We suspect that that the economic insecurity that comes with being single is a more important factor. Without the a spouse to rely on during times of unemployment, or even during the times of less-than-affluent employment, women are more likely to look to the government and its varied entitlement programs for support. Obama’s never-ending re-election campaign seems to have reached the same conclusion, as it made a specific appeal to such anxieties with its much-ridiculed “Life of Julia” web site and countless speeches that also enumerated all the government-bought goodies that Democrats are in business to provide.
This notion is bolstered by the fact that single men are also more likely to vote for Democrats than their married counterparts. Indeed, in the last election Obama won the single voters by a whopping 62 to 35 percent while Romney won the married folks by a slightly less whopping 56 to 42 percent. Single men are still somewhat less likely than single women to vote Democrat, which we would chalk up to a persistent if diminished desire for self-sufficiency that tradition has inculcated in the male of the species, but the financial worries that also afflict single men apparently makes the welfare state ever more attractive to menfolk as well.

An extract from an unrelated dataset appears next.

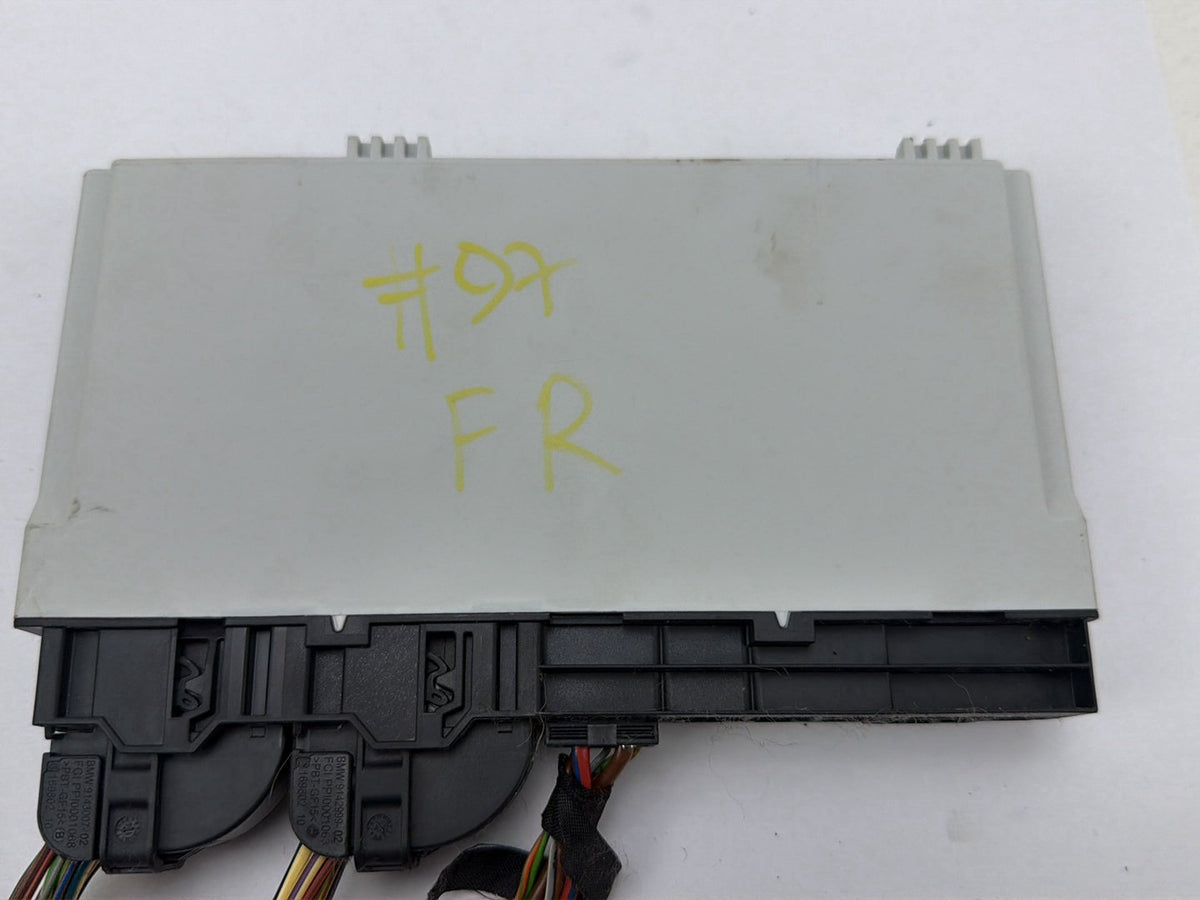 2014-2016 BMW 228i Front Right Seat Control Module 61.35-9 354 277.9 01 OEM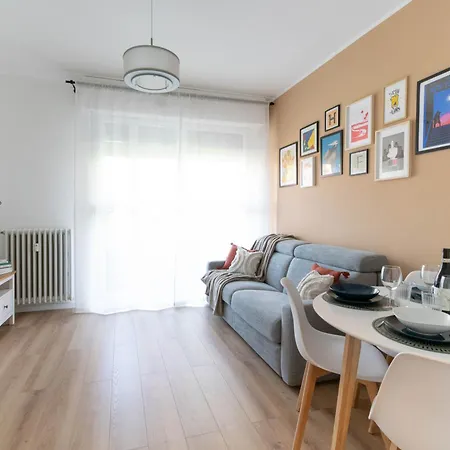 Daire The Haus 141 Milano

The problem with single women wouldn’t be so severe if there weren’t so many of them. Unmarried American women now outnumber the married ones, a fact that would have been thought unthinkable just a few short generations ago, and the disappearing stigma against illegitimacy and the decline of other old-fashioned notions about marriage make it unlikely that the trend will soon abate. Indeed, a widespread belief we’ve noted among the single women of our acquaintance that the mores of a few short generations ago were somehow oppressive is probably another reason that a Republican party that is proudly associated with the old-fashioned values of that lost era is probably yet another reason for the gender gap.
It is not at all clear what the Republican party can do it about, short of giving up on its reason for being and trying to outbid the Democrats for the votes of single men and women. The government could stop the numerous welfare policies that encourage single motherhood, revise divorce laws that make marriage a less attractive option for men, and otherwise stop discouraging people from getting married, as well as emphasizing the social costs of illegitimacy, but that would require the Democrats to act their self-interest and thus is unlikely to happen. Republicans could also try to explain that their economic policies make it more likely for both men and women to get jobs that would free them from dependence on the government, but they’ve been doing that for the past many years with desultory results.
The Republicans still have many exceptional single women in their ranks, and should give them a more prominent role in shaming their liberal sisters into the self-sufficiency that feminism once claimed to stand to for. As many a single man has unhappily discovered, though, those women are exceptional.